|Irvine Park in the early 1900s. (Photo courtesy Orange County Archives)|
A: References to Camptonville in the Santa Ana Register, in the early 1900s, referred to it as “above Orange County Park” (now called Irvine Regional Park) and “across the creek” from the main portion of the park. The description of Camptonville you found on OC Parks website is drawn largely from Don Meadows’ book, Historic Place Names in Orange County:
“…A favorite camping spot in Orange County Park… was on the left side of the road soon after it crossed the Santiago Creek for the first time. There was always water in the creek, and the sycamores and oaks were festooned with wild grapevines, and the road meandered through a shady tunnel of vegetation. The camping place, dubbed Camptonville, was as well known in the county as any town or village. Camping there was prohibited after 1917.”Historian Jim Sleeper, who wrote the definitive book on Irvine Park, Bears to Briquets, wrote about the campsite as it was around 1903: “A settlement of squatters, (known as ‘Camptonville’) had sprung up on the north side of the creek.”
If this makes the place sound a little sketchier than the average family campground, you’d be right. It seems Camptonville’s reputation vacillated wildly over the years and the various shifts in the economy.

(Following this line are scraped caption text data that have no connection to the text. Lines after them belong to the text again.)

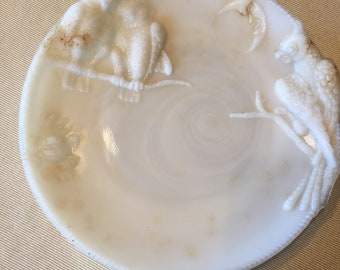 Milk glass plate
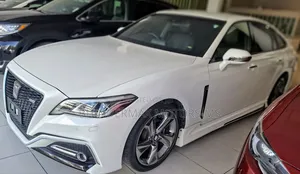 Toyota Crown 2018 White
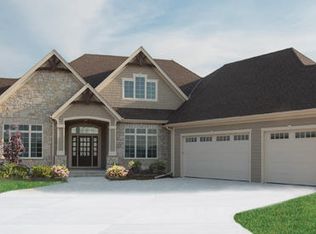 21203 W Catherine Ct, New Berlin, WI 53146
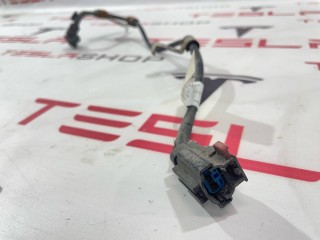 Электропроводка суппорта (ручника), ориг. номер 1098483-00-F, Tesla Model 3 2017-2021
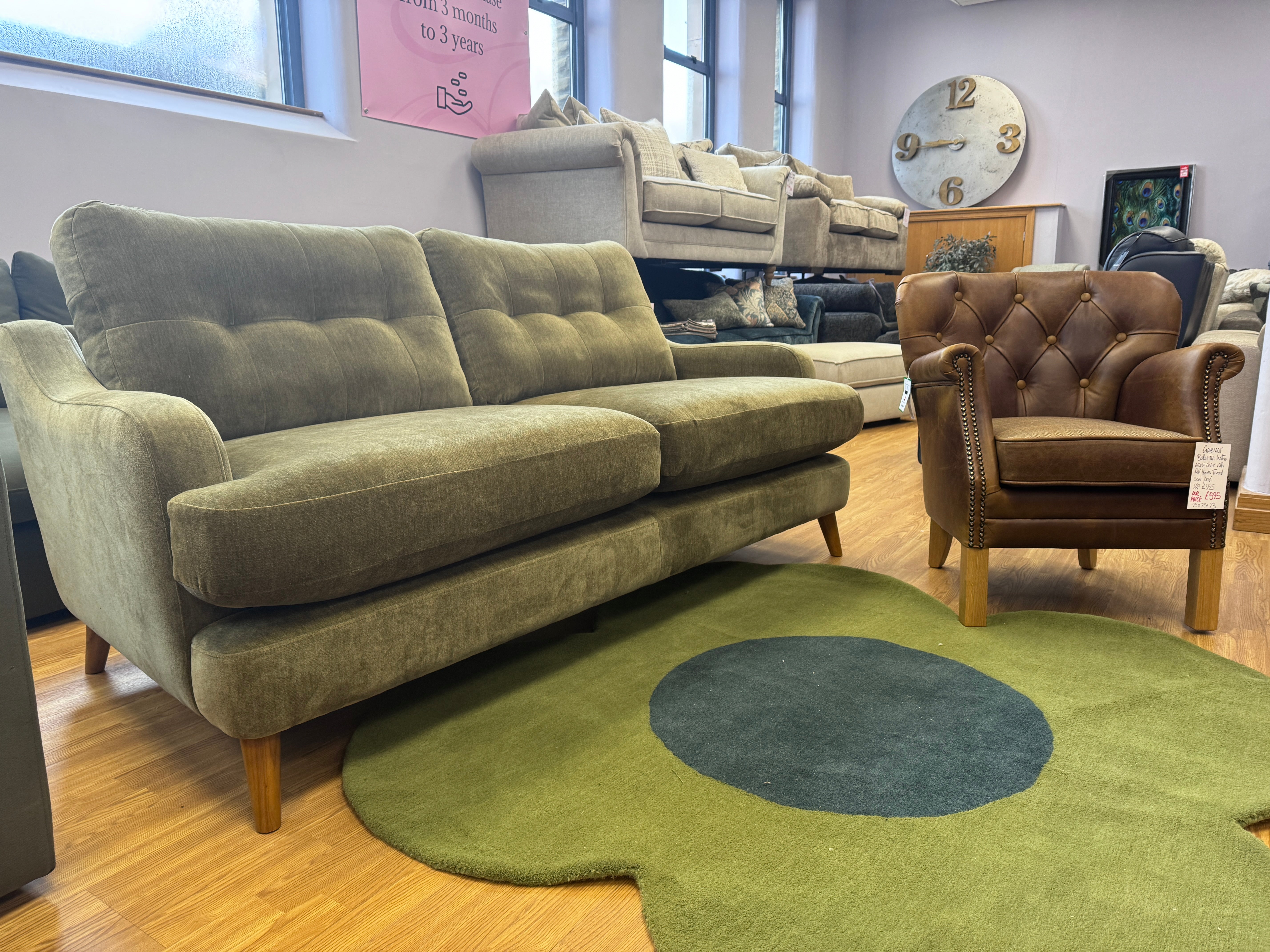 Daisy Flower round rug green & blue 100% wool 150cm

By 1910 the spot had gained favor as a legitimate place for families to camp. In the 1911 edition of his History of Orange County, California, Sam Armor wrote that these “camping grounds are generally occupied by a few families or congenial friends in vacation time only.”
But by 1917 the problem with “permanent campers” had reached the point where camping at Camptonville was banned. That seemed to turn things around, for a while.
In the Summer of 1919, when twelve concrete and rock fireplaces were installed for picnickers at the park, two were built at Camptonville, which was again a popular place to spend a relaxing day.
When the Great Depression hit, the north shore of the creek again filled with squatters. Sleeper notes that, “Unlike the canvas palaces of the old Camptonville days, these makeshift tar paper shacks were not for recreation, but shelters for the truly dispossessed. Spawned by the Depression, they ended with it. Henceforth, ‘permanent camping’ was no longer permitted” anywhere within the park.
Today, the north side of the creek still holds a special appeal to those who enjoy the back country. Less developed and framed by rugged bluffs, it retains an air of adventure that has been somewhat diminished in the more combed-and-curried parts of the park.
The old Camptonville site has most assuredly been heavily eroded by the many floods that have scoured the banks of Santiago Creek over the past century. So don’t expect to find any remains if you visit.